Because you don't want to see the thing you worked so hard to build misused to build killer robots and "war minds"? Seems reasonable to me. Google's got a different mission and sometimes the leadership forgets it, and needs to be reminded.




What did she do that is protected under the various whistleblower protection laws? https://www.whistleblowers.gov/sites/wb/files/2019-06/whistl...

I don't think that objecting to your company's AI work for DoD or plans to comply with Chinese internet search regulations fall under any of them.

What did the "Open Research Group" at Google actually build?


So many arm chair lawyers on HN. The parent is wrong. It's illegal because it violates the NLRA, not whistleblower protections.

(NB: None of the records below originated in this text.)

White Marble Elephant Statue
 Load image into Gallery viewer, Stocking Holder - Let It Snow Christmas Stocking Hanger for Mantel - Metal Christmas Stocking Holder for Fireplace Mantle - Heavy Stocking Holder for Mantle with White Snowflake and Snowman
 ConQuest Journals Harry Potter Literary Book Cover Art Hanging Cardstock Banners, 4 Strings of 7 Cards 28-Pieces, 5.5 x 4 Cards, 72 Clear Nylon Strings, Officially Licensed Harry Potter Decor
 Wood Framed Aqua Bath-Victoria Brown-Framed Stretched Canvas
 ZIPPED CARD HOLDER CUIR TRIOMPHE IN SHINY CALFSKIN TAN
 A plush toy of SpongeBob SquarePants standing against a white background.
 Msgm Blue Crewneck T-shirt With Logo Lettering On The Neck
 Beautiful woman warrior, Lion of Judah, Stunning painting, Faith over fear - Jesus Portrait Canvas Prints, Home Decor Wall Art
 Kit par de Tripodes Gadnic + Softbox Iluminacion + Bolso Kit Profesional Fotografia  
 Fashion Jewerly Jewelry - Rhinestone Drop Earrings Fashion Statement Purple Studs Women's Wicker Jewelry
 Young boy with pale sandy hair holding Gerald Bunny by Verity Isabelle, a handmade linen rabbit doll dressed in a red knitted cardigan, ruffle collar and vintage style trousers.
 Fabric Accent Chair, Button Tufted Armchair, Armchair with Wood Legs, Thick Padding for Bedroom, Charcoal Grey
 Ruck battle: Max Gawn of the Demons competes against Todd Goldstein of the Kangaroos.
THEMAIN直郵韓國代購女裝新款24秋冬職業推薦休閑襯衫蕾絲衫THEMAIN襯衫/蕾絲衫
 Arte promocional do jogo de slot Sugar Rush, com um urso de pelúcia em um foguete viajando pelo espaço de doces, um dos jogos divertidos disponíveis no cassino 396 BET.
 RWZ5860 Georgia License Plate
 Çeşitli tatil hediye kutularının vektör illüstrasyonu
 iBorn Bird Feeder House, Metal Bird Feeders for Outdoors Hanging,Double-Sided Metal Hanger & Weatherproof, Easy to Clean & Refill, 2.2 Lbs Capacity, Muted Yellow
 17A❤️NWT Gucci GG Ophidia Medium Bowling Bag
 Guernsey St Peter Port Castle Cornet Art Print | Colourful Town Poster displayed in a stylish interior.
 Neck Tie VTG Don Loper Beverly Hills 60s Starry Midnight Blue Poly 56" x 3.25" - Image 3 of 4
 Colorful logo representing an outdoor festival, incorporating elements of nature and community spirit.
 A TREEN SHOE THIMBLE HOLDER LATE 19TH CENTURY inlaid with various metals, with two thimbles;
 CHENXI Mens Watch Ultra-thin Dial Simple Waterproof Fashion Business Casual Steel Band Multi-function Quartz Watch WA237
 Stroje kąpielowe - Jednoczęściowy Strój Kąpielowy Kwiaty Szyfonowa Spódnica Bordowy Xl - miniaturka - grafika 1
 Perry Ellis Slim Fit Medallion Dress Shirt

"Protected concerted activity".

If you want a good primer, "Labor Law for the Rank and Filer" is a good one.


I'm not clear on what Whittaker's role was with regard to the Chinese project, but the final straw appears to have been her protest regarding the composition of the AI ethics panel.

How is an outside ethics panel going to affect their working conditions? The people on the panel don't have any say on employees' pay, promotions, disciplinary actions, assignments, or anything else that might affect their working conditions.

The idea was to have some people from outside the company look at the tech and its potential hazards and provide some input on the ethics of developing and deploying it. People inside the company said, No, we don't want that particular viewpoint to have a seat at the table on this outside committee. The ethics panel had nothing at all to do with their working conditions.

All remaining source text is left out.